Все окна кордона были раскрыты, на подоконниках стояли в глиняных горшочках цветы,— потом Павлик узнал, что называются они «бегонии» и «герани». Небольшая полянка за кордоном была засеяна пшеницей и подсолнухами. Но пшеница здесь была не такая, как в поле, а высокая и зеленая. А подсолнухи все смотрели, словно подчиняясь неслышимой команде, в одну сторону, ни солнце. Это поразило Павлика.
— А это что? — спросил он.
— Батюшки! — всплеснула ладошками девочка и засмеялась.— Он и подсолнухов не знает! Вот дурачок-то! Да ты семечки грыз когда?
— Нет.
— Ну вот еще на посиделках всегда девки грызут.
— Каких посиделках?
— И-хи-хи-хи! И-хи-хи-хи! Он и посиделок даже не знает! Чемодан поставили возле ворот: в глубине двора, в тени конуры, лежал и спал привязанный цепью пес. Иван Сергеевич вытер грязным платком лоб и с ожиданием посмотрел в настежь распахнутую дверь дома. И вот оттуда совершенно бесшумно вышла старая, но еще крепкая женщина, седенькая, с морщинистым лицом, в белом платочке и белой кофточке, в длинной, до полу, черной юбке. Иван Сергеевич, застыв на месте, смотрел на нее, а руки сами собой поднимались и тянулись навстречу. Он сделал шаг вперед, взялся за калитку.

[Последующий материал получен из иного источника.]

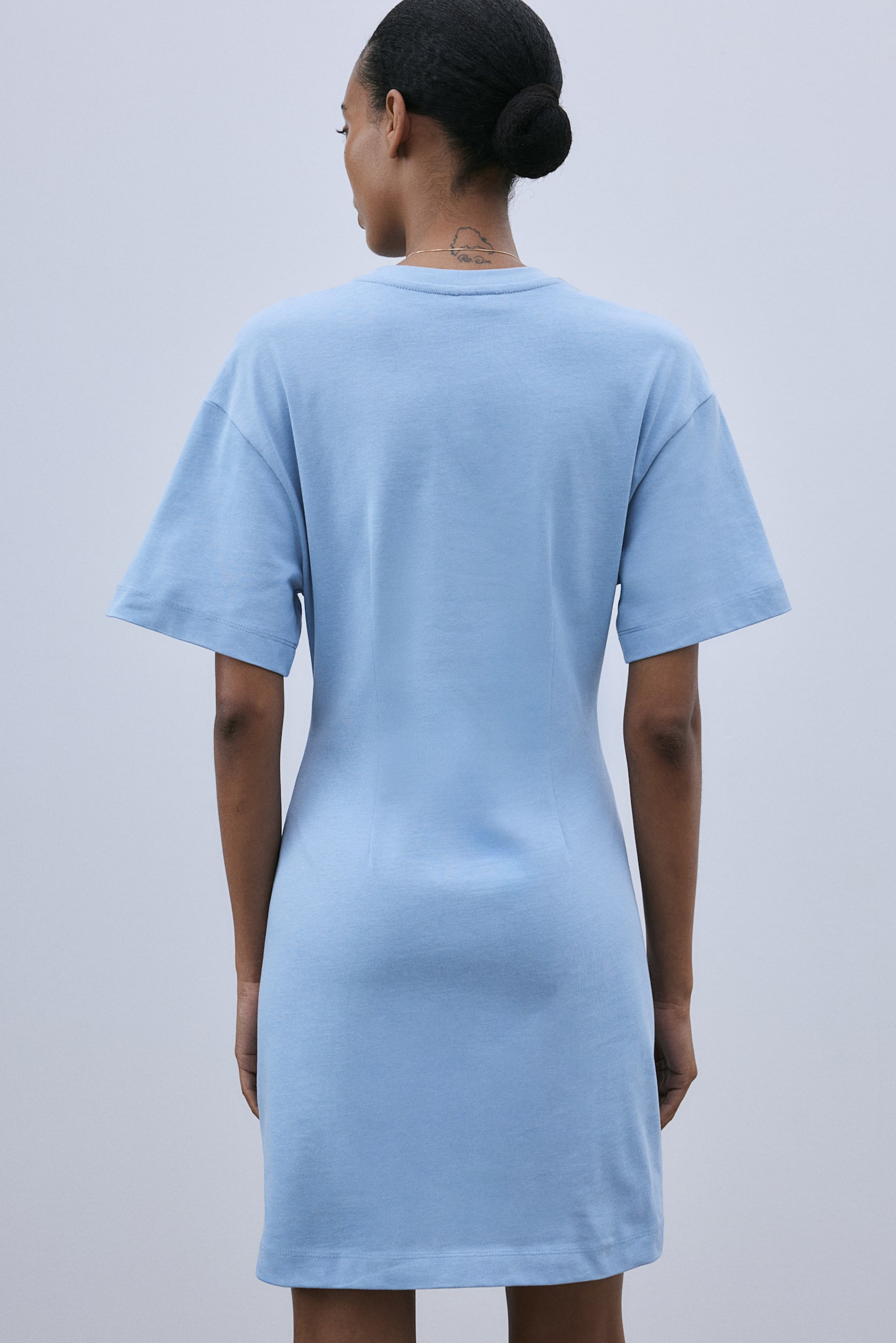 Waisted T-shirt dress - Light blue/White/Black - 3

Но в это время пес проснулся, потягиваясь, встал и, увидев чужих, зарычал, звеня цепью. Он бросился к воротам с такой яростью, что совершенно забыл о цепи; цепь натянулась и опрокинула его на землю. Но он сейчас же вскочил и снова, звеня цепью, прыгнул,— казалось, что он вот-вот порвет цепь или потащит за собой будку. Павлик невольно попятился, спрятался за отца.
Девочка оглянулась на него, улыбнулась:
— Забоялся?
У Павлика замерло сердце — девочка бесстрашно пошла к прыгающей на цепи собаке.